ENTRIES PROVIDED >>
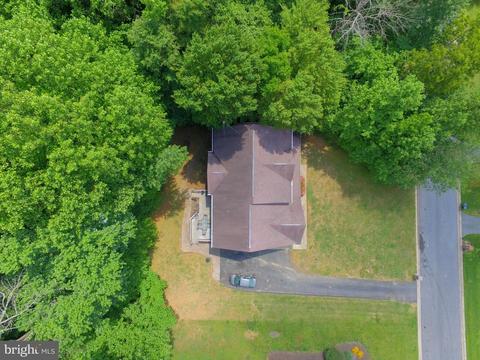 2302 Queensbury Dr, Fallston, MD 21047 photo 3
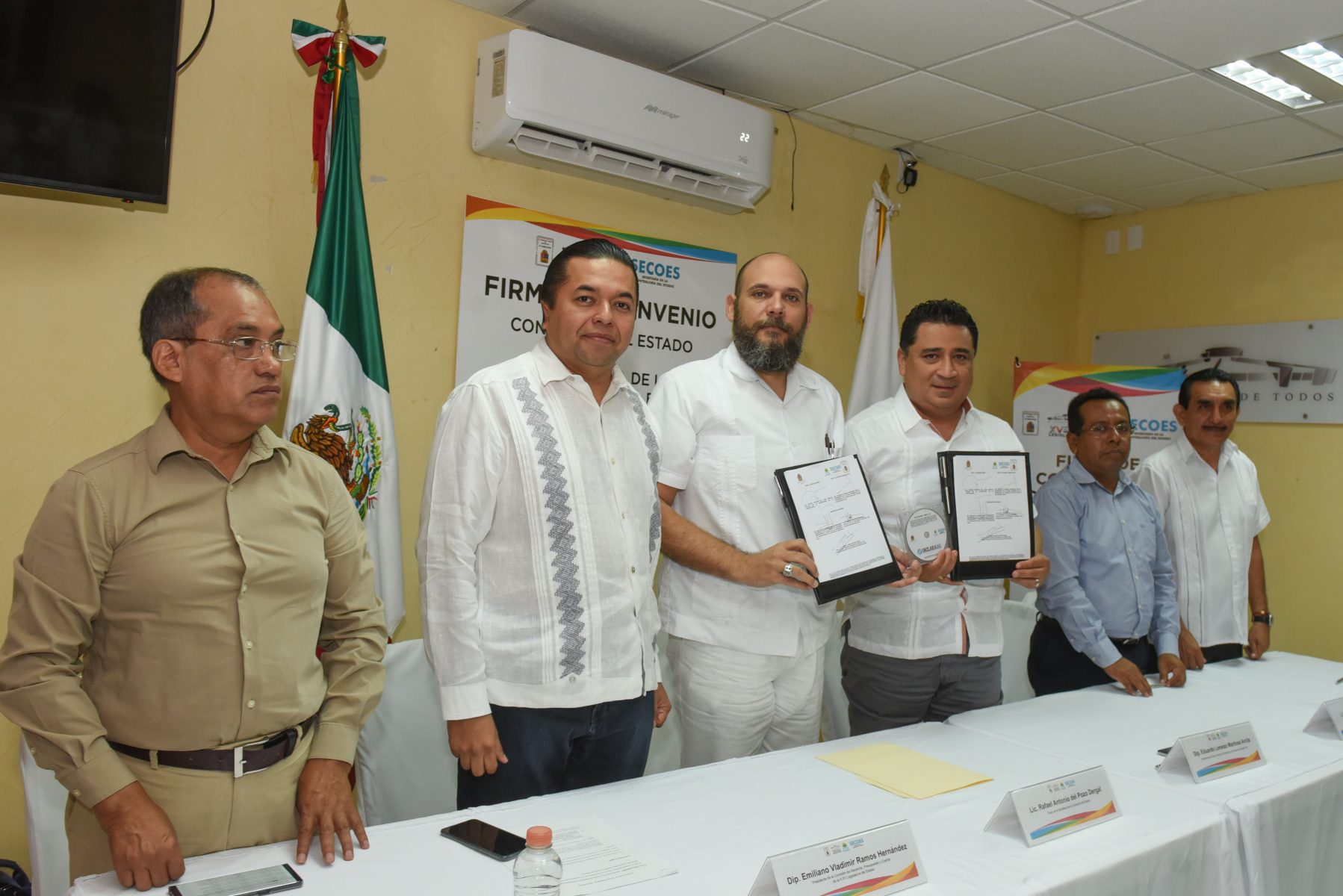 Para fortalecer la transparencia y la rendición de cuentas, la XV Legislatura del Estado de Quintana Roo firmó un convenio específico de colaboración con la Secretaría de la Contraloría del Estado (SECOES).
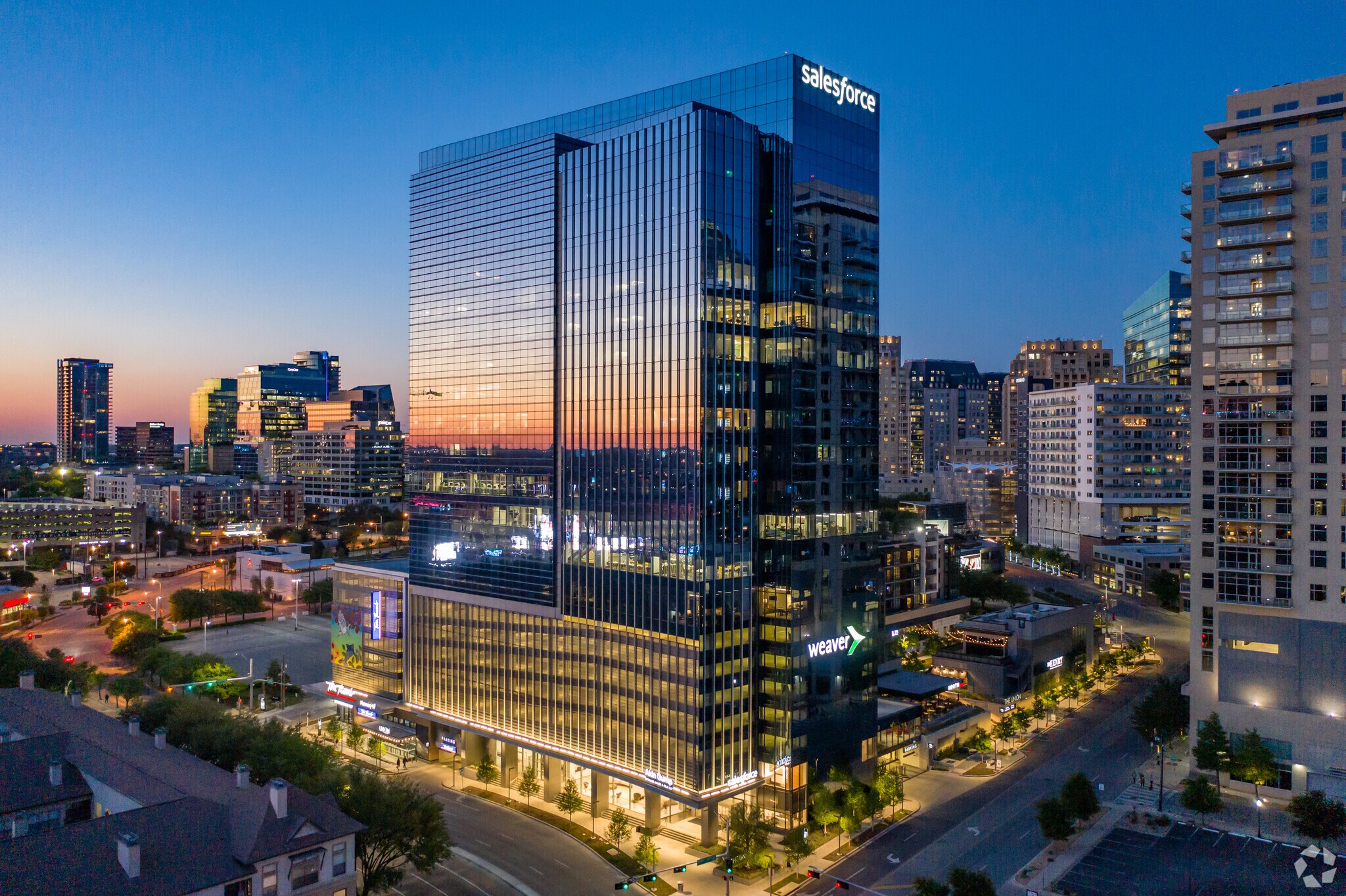 2300 N Field St, Dallas, TX à louer Photo du bâtiment- Image 1 de 10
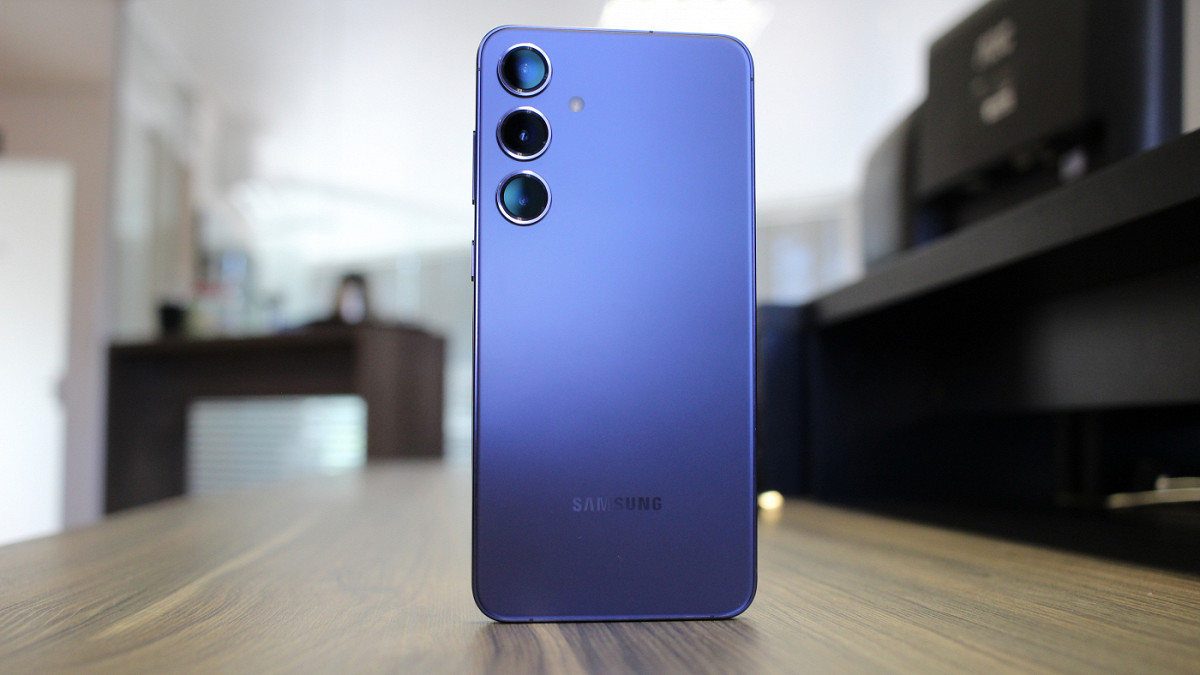 S25+ é o melhor smartphone para a Black Friday foto: Oficina da Net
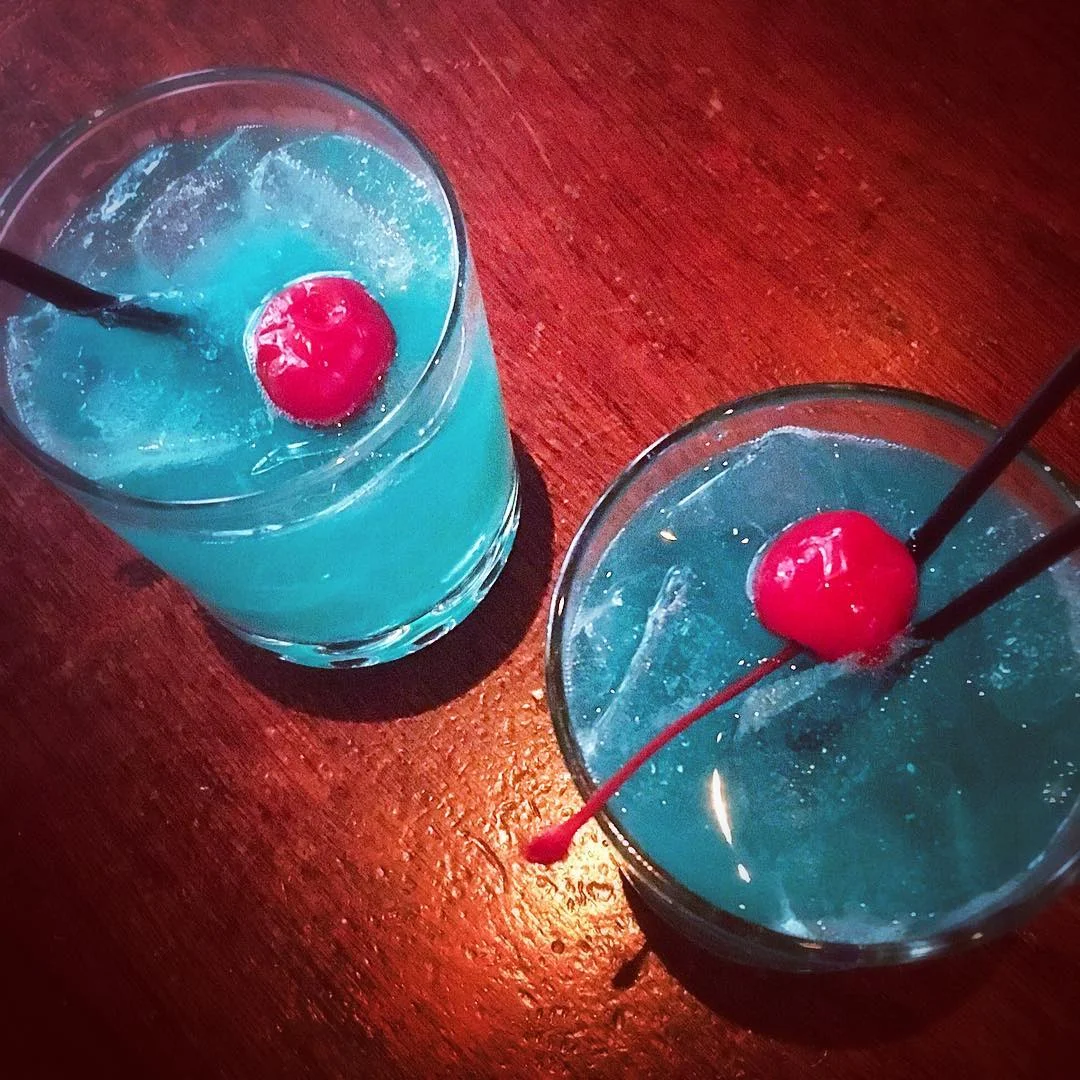 loopedblog - Blue Eyes Cocktail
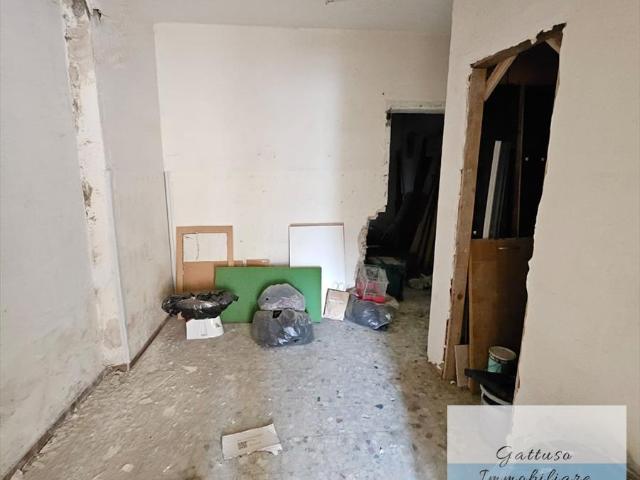 Bilocale da ristrutturare, Reggio Calabria modena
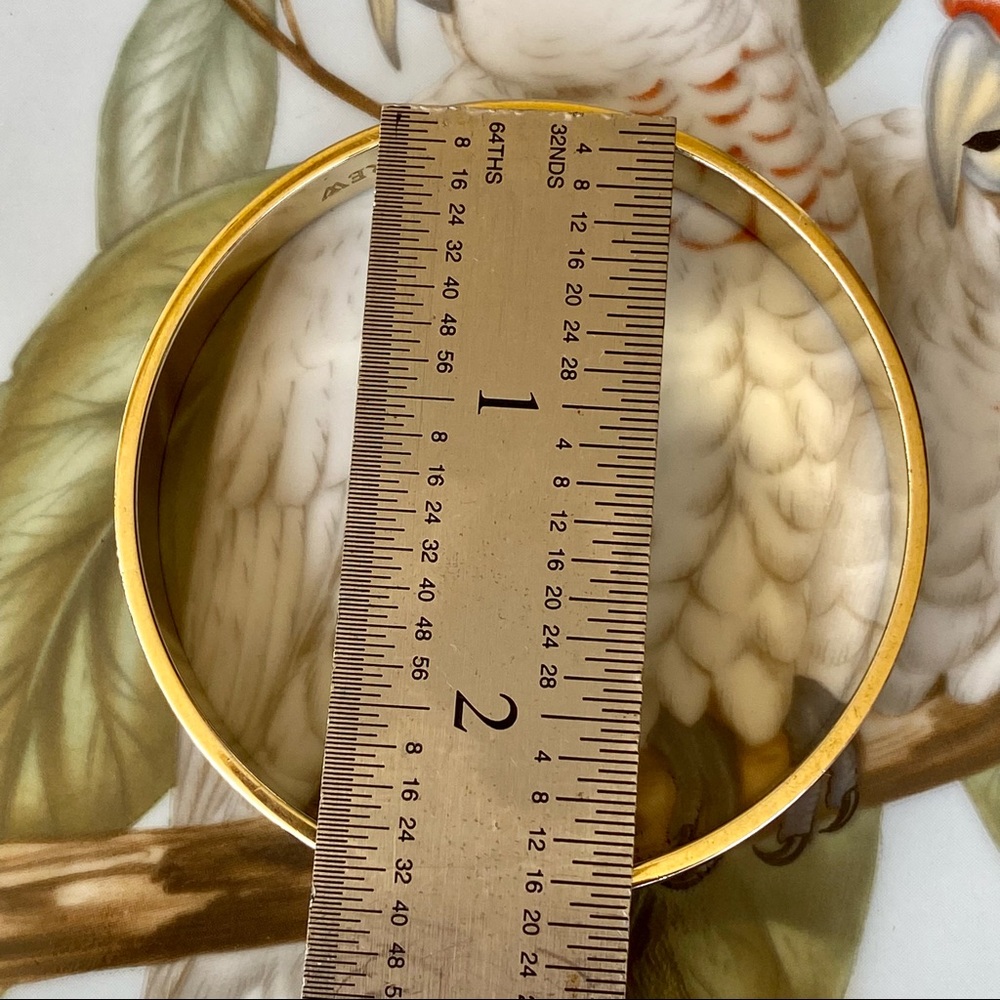 Set (4) > 3 J.Crew Enamel Bangles + 1 Unbranded Starfish Enamel Gold Trim Bangle - Picture 11 of 14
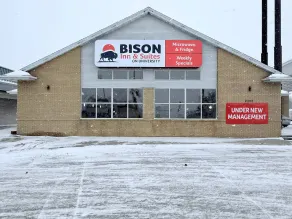 Bison Inn & Suites on University - Façade de l’hébergement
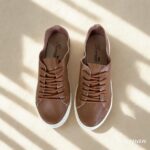 Tênis casuais super macio em Couro Caramelo. Um modelo super casual e muito confortável que pode ser usado em diversas ocasiões Referência: Mia Material Cabedal: Couro Legítimo Material Forro: Têxtil Gênero: Feminino Altura do Solado 2 cm Peso: 700 g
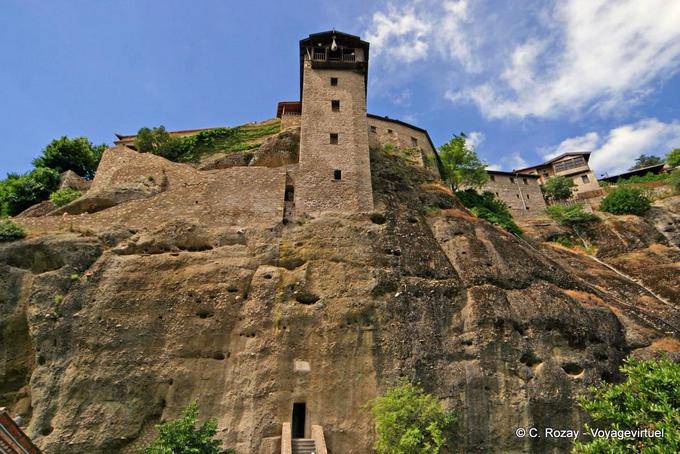 Ai piedi del Monastero Grande Meteor, Meteora - Grecia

TASK BRIEF >>
Copy the listing exactly but drop its images.

YOUR SOLUTION >>
 2302 Queensbury Dr, Fallston, MD 21047 photo 3
 Para fortalecer la transparencia y la rendición de cuentas, la XV Legislatura del Estado de Quintana Roo firmó un convenio específico de colaboración con la Secretaría de la Contraloría del Estado (SECOES).
 2300 N Field St, Dallas, TX à louer Photo du bâtiment- Image 1 de 10
 S25+ é o melhor smartphone para a Black Friday foto: Oficina da Net
 loopedblog - Blue Eyes Cocktail
 Bilocale da ristrutturare, Reggio Calabria modena
 Set (4) > 3 J.Crew Enamel Bangles + 1 Unbranded Starfish Enamel Gold Trim Bangle - Picture 11 of 14
 Bison Inn & Suites on University - Façade de l’hébergement
 Tênis casuais super macio em Couro Caramelo. Um modelo super casual e muito confortável que pode ser usado em diversas ocasiões Referência: Mia Material Cabedal: Couro Legítimo Material Forro: Têxtil Gênero: Feminino Altura do Solado 2 cm Peso: 700 g
 Ai piedi del Monastero Grande Meteor, Meteora - Grecia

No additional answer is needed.